● Dataset content
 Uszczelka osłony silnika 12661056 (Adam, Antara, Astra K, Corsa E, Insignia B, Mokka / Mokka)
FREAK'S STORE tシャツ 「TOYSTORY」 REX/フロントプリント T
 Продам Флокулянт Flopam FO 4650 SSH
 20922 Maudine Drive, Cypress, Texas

==

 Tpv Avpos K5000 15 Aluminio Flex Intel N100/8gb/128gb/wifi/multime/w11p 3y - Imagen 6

● Task brief
The required answer is the exact run of lines above starting at the line with "Uszczelka osłony silnika" and ending at the line with "20922 Maudine Drive, Cypress, Texas", with both ends present.

● Result of the task
 Uszczelka osłony silnika 12661056 (Adam, Antara, Astra K, Corsa E, Insignia B, Mokka / Mokka)
FREAK'S STORE tシャツ 「TOYSTORY」 REX/フロントプリント T
 Продам Флокулянт Flopam FO 4650 SSH
 20922 Maudine Drive, Cypress, Texas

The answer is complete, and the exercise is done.